Records from a dataset
________________________

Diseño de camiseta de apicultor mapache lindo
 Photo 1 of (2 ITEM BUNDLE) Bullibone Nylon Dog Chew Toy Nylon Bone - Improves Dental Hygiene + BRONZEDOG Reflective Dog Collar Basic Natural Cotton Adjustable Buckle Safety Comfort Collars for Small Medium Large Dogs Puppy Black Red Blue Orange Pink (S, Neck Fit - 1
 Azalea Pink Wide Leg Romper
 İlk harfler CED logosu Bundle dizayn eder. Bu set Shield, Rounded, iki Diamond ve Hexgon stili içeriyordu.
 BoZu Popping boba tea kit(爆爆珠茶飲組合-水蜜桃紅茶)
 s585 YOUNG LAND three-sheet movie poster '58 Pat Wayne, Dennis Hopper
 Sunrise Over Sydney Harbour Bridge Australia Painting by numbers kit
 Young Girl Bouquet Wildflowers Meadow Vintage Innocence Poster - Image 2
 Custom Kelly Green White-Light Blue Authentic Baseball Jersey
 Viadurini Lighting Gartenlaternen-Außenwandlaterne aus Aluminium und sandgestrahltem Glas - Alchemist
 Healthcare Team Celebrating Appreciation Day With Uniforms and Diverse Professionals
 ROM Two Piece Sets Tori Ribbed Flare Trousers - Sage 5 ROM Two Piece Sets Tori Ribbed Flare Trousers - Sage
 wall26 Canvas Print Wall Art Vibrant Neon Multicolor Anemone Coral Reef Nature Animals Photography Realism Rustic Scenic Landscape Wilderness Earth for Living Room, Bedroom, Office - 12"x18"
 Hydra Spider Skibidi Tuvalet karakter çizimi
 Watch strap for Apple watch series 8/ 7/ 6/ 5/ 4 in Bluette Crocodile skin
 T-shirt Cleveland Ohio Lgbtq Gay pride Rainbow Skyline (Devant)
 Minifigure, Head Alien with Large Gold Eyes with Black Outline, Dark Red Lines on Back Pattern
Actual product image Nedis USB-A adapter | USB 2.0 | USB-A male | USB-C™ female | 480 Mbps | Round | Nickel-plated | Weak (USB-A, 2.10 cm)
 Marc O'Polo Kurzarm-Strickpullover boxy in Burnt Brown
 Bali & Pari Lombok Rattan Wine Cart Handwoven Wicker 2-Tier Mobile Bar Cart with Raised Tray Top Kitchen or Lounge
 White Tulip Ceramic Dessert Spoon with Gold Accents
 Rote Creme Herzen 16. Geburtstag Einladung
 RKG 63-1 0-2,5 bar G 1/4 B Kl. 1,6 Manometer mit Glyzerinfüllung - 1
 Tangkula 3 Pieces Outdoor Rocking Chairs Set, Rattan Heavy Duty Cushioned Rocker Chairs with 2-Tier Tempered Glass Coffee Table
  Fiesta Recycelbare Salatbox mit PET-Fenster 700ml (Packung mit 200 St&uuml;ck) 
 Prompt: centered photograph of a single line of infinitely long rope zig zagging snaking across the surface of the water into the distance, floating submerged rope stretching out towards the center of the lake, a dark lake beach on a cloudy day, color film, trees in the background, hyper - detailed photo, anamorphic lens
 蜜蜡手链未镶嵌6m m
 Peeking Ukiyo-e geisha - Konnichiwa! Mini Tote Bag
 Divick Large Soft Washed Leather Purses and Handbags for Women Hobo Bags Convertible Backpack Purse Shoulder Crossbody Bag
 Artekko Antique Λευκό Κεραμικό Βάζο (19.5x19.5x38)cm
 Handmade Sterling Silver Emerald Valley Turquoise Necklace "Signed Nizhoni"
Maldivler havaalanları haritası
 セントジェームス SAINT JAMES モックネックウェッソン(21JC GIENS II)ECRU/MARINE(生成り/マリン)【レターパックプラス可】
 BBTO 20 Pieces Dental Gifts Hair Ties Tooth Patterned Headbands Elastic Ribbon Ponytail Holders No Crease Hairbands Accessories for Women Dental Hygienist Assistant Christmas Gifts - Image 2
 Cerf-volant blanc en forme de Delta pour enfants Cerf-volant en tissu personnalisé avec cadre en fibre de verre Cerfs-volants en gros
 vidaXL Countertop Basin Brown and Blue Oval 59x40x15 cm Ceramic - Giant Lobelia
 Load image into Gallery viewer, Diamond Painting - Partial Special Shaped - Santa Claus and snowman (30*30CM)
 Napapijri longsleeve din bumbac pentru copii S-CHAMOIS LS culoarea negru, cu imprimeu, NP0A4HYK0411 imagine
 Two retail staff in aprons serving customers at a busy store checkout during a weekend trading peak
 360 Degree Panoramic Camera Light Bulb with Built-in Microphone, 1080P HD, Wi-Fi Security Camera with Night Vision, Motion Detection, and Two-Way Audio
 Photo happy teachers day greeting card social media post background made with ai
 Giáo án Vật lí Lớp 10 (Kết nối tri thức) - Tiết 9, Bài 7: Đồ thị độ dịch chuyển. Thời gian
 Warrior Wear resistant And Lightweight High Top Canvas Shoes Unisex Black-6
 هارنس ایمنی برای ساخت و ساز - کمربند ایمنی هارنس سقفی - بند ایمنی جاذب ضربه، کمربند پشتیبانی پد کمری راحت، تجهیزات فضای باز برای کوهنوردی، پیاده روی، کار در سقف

________________________

Problem :: Look through the entries and return each line that has the word "White" in it.

Completed exercise ::
 Custom Kelly Green White-Light Blue Authentic Baseball Jersey
 White Tulip Ceramic Dessert Spoon with Gold Accents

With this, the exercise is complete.